Today we launch a series of short essays that capture our history, our current research focus, and our hopes for a future of continued policy impact on global security. We will be sharing our thoughts about Stimson’s record and our approach to the challenges of international security over the coming months. We’ll tell you about some of our distinct methods of convening diverse groups of thinkers and doers to generate new policy ideas, and of crossing traditional boundaries in the security field, linking development, environment, and security. In that way, one of Stimson’s core missions is to enhance policymakers’ and the public’s understanding of the changing global security agenda.
Stimson was created at an earlier moment when the security paradigm was shifting: in 1989, co-founders Barry Blechman and Michael Krepon saw the public and official discourse locked in stale Cold War debates, and creating a new think tank was one way to refresh the conversation and create space for some new thinking and policy ideas. They were looking for something that, in their words, “synthesized pragmatism and idealism.” From its early days, Stimson was committed to avoiding the predictably political solutions to problems, and looked instead for smart solutions to enduring problems, without a political agenda. We have also focused on how institutions function, and how they could be improved for better policy outcomes. These approaches continues to animate our work.

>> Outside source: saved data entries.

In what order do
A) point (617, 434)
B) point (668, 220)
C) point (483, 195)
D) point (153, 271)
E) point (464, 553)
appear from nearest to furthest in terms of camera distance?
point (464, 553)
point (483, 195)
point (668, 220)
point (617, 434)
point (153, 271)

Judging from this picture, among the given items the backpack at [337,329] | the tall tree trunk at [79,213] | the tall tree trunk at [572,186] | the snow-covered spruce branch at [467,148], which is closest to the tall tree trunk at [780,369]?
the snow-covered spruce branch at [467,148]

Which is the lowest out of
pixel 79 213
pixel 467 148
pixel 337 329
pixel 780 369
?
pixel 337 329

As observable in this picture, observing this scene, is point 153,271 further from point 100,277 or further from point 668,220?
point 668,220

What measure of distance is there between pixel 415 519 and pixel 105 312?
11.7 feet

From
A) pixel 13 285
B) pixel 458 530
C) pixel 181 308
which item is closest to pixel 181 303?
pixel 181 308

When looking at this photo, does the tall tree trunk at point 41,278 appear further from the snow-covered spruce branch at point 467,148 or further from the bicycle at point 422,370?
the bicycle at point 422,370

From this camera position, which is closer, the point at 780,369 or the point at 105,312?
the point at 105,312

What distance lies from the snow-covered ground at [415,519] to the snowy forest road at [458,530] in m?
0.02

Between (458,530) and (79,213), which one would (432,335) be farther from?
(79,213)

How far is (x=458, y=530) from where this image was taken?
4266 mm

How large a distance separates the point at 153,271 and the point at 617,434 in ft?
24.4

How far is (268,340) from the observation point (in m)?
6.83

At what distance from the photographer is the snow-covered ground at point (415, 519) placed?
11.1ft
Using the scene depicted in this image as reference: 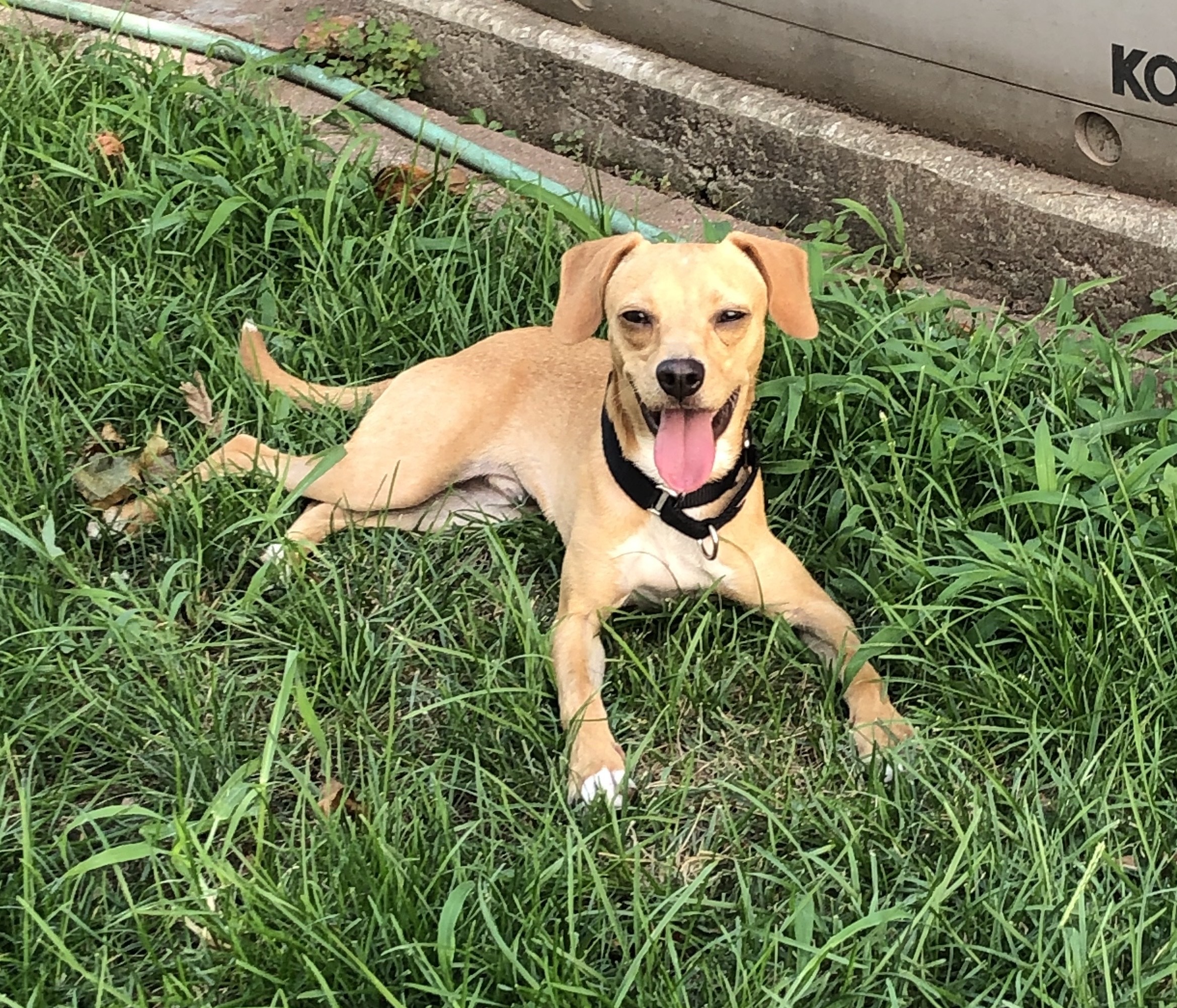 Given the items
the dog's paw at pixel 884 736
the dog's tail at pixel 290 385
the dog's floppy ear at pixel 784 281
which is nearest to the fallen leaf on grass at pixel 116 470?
the dog's tail at pixel 290 385

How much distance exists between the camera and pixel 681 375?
8.45ft

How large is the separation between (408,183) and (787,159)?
117 cm

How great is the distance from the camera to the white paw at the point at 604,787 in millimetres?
2461

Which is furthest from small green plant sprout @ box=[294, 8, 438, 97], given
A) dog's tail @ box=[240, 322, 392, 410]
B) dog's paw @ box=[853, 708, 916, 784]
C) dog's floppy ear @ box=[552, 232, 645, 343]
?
dog's paw @ box=[853, 708, 916, 784]

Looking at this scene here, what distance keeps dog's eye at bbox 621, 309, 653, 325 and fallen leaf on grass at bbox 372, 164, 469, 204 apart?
4.93ft

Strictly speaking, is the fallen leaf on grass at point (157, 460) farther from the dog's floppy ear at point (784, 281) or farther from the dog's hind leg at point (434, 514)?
the dog's floppy ear at point (784, 281)

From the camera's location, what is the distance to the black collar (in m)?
2.84

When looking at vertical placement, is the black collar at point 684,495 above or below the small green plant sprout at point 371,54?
below

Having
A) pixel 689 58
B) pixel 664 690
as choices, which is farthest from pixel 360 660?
pixel 689 58

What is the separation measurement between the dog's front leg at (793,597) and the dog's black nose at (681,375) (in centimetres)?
45

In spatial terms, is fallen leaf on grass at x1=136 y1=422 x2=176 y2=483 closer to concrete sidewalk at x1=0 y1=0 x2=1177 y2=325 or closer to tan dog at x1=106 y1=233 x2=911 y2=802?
tan dog at x1=106 y1=233 x2=911 y2=802

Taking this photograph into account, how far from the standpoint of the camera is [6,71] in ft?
14.4

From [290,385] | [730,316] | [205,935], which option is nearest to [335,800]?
[205,935]

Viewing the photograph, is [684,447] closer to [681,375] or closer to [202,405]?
[681,375]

One of Stimson’s other traits is our convening powers. We work to bring together diverse stakeholders to facilitate finding the areas of agreement, often across political and institutional boundaries. Examples include bringing together lawyers, military officers and human rights activists on genocide prevention, and local environmental activists with government officials and regional water management organizations in Southeast Asia. This approach has proven effective in generating policy recommendations – to the US government, to the United Nations, to various governments in donor capitals and countries of the Global South – and is part of Stimson’s impact far beyond the Washington beltway.
In the coming weeks, you will read about our work on diverse topics, from water management in the great river basins of Asia (The Mekong, the Indus), new approaches to wildlife crime in East Africa, the geopolitics of East Asia, and work in the peacekeeping world to strengthen ways to protect civilians in conflict zones. Our scholars travel to dangerous places, and give high priority to hearing the views of others.
We begin the series with several essays on the nuclear challenges, from nuclear deterrence in South Asia, the global search for ways to reduce reliance on nuclear weapons, and creative approaches to nonproliferation in the global south.
I will welcome your comments on these essays, and hope you will continue to find Stimson’s work useful. We look forward to your interest and support as we begin our second 25 years!